The Portrait of Beatrice di Cenci seen by Dickens in Rome


Beatrice di Cenci

When in Rome, Dickens saw the portrait of Beatrice di Cenci attributed to Guido Reni. Dickens was entranced.

He wrote:

"The portrait of Beatrice di Cenci, in the Palazzo Berberini, is a picture almost impossible to be forgotten. Through the transcendent sweetness and beauty of the face, there is a something shining out, that haunts me. I see it now, as I see this paper, or my pen. The head is loosely draped in white; the light hair falling down below the linen folds. She has turned suddenly towards you; and there is an expression in the eyes—although they are very tender and gentle—as if the wildness of a momentary terror, or distraction, had been struggled with and overcome, that instant; and nothing but a celestial hope, and a beautiful sorrow, and a desolate earthly helplessness remained.
Some stories say that Guido painted it, the night before her execution; some other stories, that he painted it from memory, after having seen her, on her way to the scaffold. I am willing to believe that, as you see her on his canvas, so she turned towards him, in the crowd, from the first sight of the axe, and stamped upon his mind a look which he has stamped on mine as though I had stood beside him in the concourse. The guilty palace of the Cenci: blighting a whole quarter of the town, as it stands withering away by grains: had that face, to my fancy, in its dismal porch, and at its black, blind windows, and flitting up and down its dreary stairs, and growing out of the darkness of the ghostly galleries. The History is written in the Painting; written, in the dying girl’s face, by Nature’s own hand. And oh! how in that one touch she puts to flight (instead of making kin) the puny world that claim to be related to her, in right of poor conventional forgeries!"

 
The story of Beatrice di Cenci held a fascination for many since the 16th Century. It is quickly told.

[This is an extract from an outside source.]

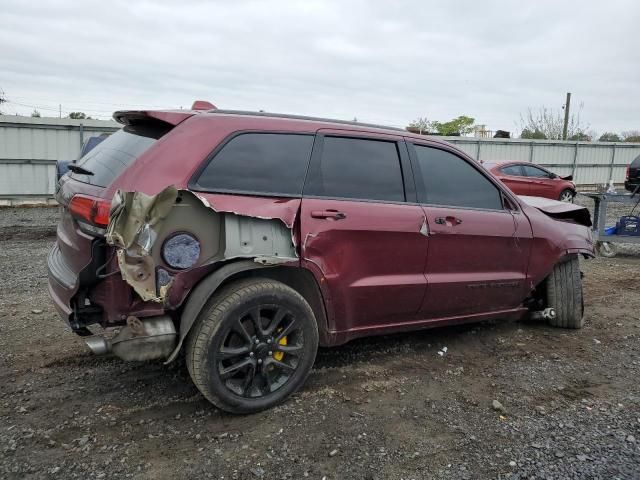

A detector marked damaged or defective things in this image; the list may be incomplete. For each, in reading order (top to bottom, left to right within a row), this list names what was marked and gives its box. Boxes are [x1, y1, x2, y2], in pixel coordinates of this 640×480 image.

exposed wheel well [218, 266, 332, 344]
damaged red suv [48, 104, 596, 412]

The story tells of a beautiful teenage girl who kills her brutal father to protect her virtue from his incestuous advances; who resists interrogation and torture with unswerving courage; and who goes to her execution unrepentant, and borne along on a wave of popular sympathy.

The affair was a cause célèbre, which echoed briefly through the newsletters of the day: 'The death of the young girl, who was of very beautiful presence and of most beautiful life, has moved all Rome to compassion'; 'She was 17 and very beautiful'; 'She was very valorous' at her death, unlike her stepmother, who was a 'rag'.

The bald facts of the case do not go very far in explaining the passionate interest it has aroused, which has little to do with the actual murder of Count Cenci: on that, posterity's verdict is a simple 'good riddance'. It is rather the particular quality - real or imagined - of the person who has become the protagonist, the star, of the story: Beatrice di Cenci.

In that comparisons and contrasts can be made with Madeleine Smith and to Elizabeth Borden, both murderers who were young girls at the time of the commission of the crimes.But in the latter cases, no verdict of "guilty" was pronounced and no execution was carried out.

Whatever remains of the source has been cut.